● **Problem to solve**
Reproduce the section of the listing that begins at the line containing "Платье Polo Ralph" and finishes at the line containing "White Ruffle Edge". Include both end lines and nothing beyond them.

● **Source material**
============================================================

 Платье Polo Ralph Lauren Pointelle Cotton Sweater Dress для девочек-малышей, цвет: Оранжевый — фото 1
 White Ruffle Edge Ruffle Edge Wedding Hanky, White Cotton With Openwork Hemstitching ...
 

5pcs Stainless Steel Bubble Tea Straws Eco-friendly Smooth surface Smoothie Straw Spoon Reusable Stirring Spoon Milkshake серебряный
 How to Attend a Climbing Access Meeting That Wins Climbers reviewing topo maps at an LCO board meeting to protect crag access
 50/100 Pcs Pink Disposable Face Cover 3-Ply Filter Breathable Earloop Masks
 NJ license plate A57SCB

============================================================

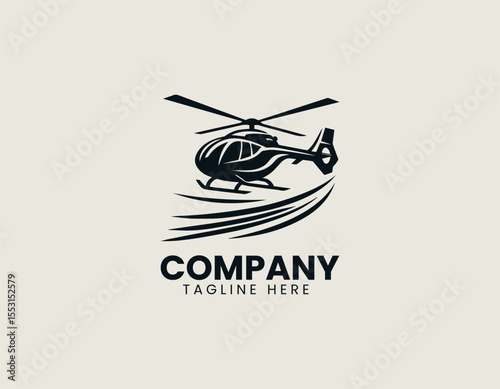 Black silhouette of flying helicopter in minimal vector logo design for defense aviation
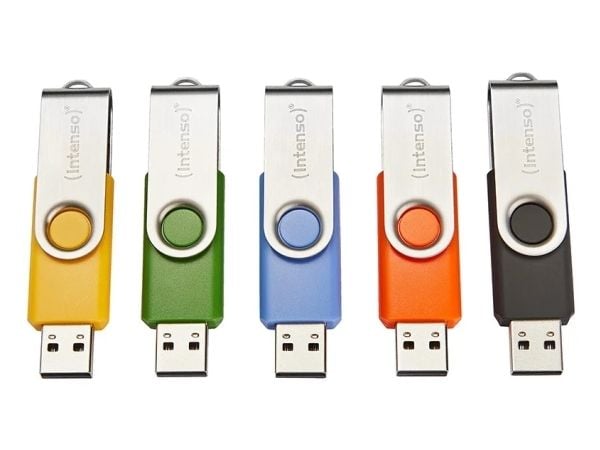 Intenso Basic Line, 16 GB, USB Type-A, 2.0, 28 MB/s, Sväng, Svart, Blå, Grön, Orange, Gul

============================================================

● **Output**
 Платье Polo Ralph Lauren Pointelle Cotton Sweater Dress для девочек-малышей, цвет: Оранжевый — фото 1
 White Ruffle Edge Ruffle Edge Wedding Hanky, White Cotton With Openwork Hemstitching ...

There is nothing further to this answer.